MONTANARINI LUIGI
 
ARTISTA OPERE MOSTRE IN ASTA
 

PITTURE DI LUIGI MONTANARINI

Quei pochi che di pittura si intendono già sanno che questa di Luigi Montanarini non è da confondere con le esercitazioni e i giuochi dei tanti che oggi riempiono le esposizioni, ma rappresenta qualcosa di promettente e di vivo nel breve campo della giovane arte italiana. Il linguaggio di estrema delicatezza nel quale s’è risolta l’esperienza rivoluzionaria della nuova pittura; il raffinato intellettualismo e sensualismo della generazione cresciuta sulle asserzioni critiche ed artistiche di questi trent’anni; quel gusto magico, decadente, evocativo della realtà storica e naturale non vengono a contatto col temperamento del nostro amico (sul quale pure esercitano la loro azione) senza essere riesaminati e giudicati. Venuto a Roma col pensionato, il Montanarini aveva portato seco dalla scuola di Felice Carena quel gusto della corpulenza, l’eloquenza del segno, il fervore sensuale della materia, un colorito ancora memore dei freschi accordi impressionistici e postimpressionistici. Conosciamo certe nature morte della sua prima giovinezza fiorentina rivelatrici di una assimilazione intelligente di moduli cézanniani, dello studio amoroso di Renoir o di Mancini. Su queste basi – ancora scolastiche sebbene non del tutto inerti – comincia a crescere un nuovo sentimento, si maturano nuove aspirazioni, che si tradurranno in rinnovate esperienze coloristiche (ai bianchi, ai rosa, ai grigi si sostituiscono tonalità calde e brune) in un sentimento chiaroscurale derivato, in qualche modo, dall’apprezzamento dell’attuale cosiddetta pittura tonale.

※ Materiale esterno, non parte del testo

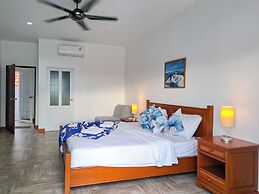 Private pool 3BDR villa beach at 200m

Liberarsi dalla romantica eloquenza disegnativa; condurre il colore al massimo della sua accensione senza distruggere il volume, dare alla luce una funzione costruttiva della forma e della profondità spaziale: questi, ci sembra, i più grossi problemi di fronte ai quali s’è venuto a trovare il pittore. E s’intende come in una fase di rielaborazione del proprio linguaggio così orientata il Montanarini sia stato portato a idoleggiare maestri remoti come un Courbet o un Rembrandt: dai quali, com’è naturale, avrà pure tolto intellettualisticamente qualche schema compositivo o racconto.